Skip to main content
unbound mongodb at scale

The Measurement Discipline: k6, Latency Percentiles, and Why Average Response Time is a Lie

6 min read Chapter 1 of 72

The Measurement Discipline

Before you add an index, tune a connection pool, or restructure a schema, you need a number. Not a guess. Not a hunch from the last incident. A number that describes exactly how your system behaves under load right now, before you change anything.
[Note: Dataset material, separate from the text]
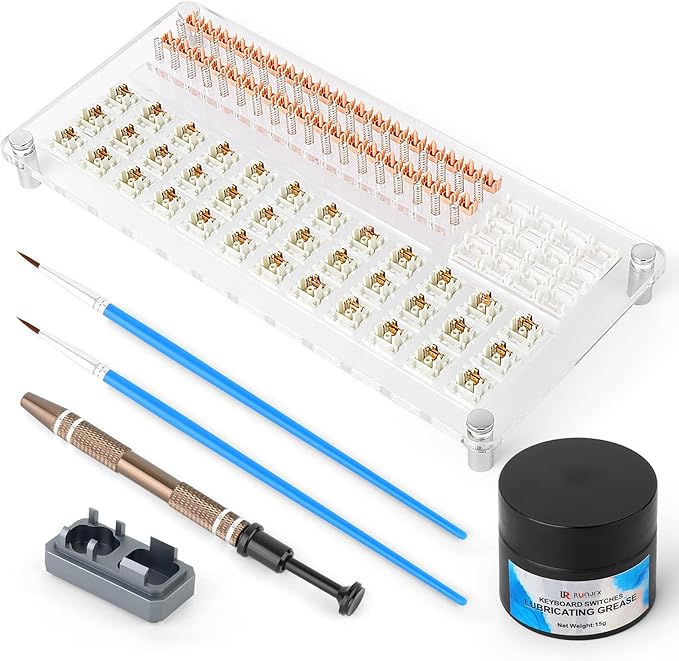 RUNJRX 36 Switches Acrylic Lube Station,Keyboard Switch Grease 0.53oz/15g, Switch Opene for Cherry Kailh Akko TTC, Lube Kit for Mechanical Keyboard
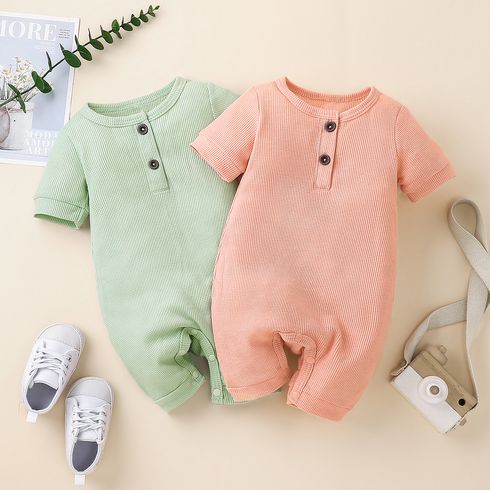 Baby Boy/Girl Button Front Solid Waffle Short-sleeve Romper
This book is about a high-traffic IoT telemetry and social analytics platform. Sensors push readings every second. Users interact with activity feeds. Aggregation pipelines crunch real-time analytics. Behind the API: raw sensor data ingestion at thousands of writes per second, user activity feeds with mixed read-write workloads, real-time aggregation queries running alongside operational traffic, and a growing data set that pushes the WiredTiger cache to its limits. Every chapter uses this system. Every k6 script targets it. Every failure scenario happens inside it.

Four positions run through every chapter. State them now.

Measure before you change anything. Adding an index without checking the explain("executionStats") output is a guess. Every chapter that introduces an optimization requires a JMH benchmark, a k6 load test result, a query execution plan, or an APM trace before and after the change. Opinion without a number is not performance engineering.

Schema design is your highest leverage point. Changing driver configurations is a micro-optimization. Replacing an unbounded array with an outlier pattern or converting individual events into a bucket pattern on a collection taking 10,000 writes per second is architectural. This book treats document data modeling as a strict performance discipline applied to real data shapes.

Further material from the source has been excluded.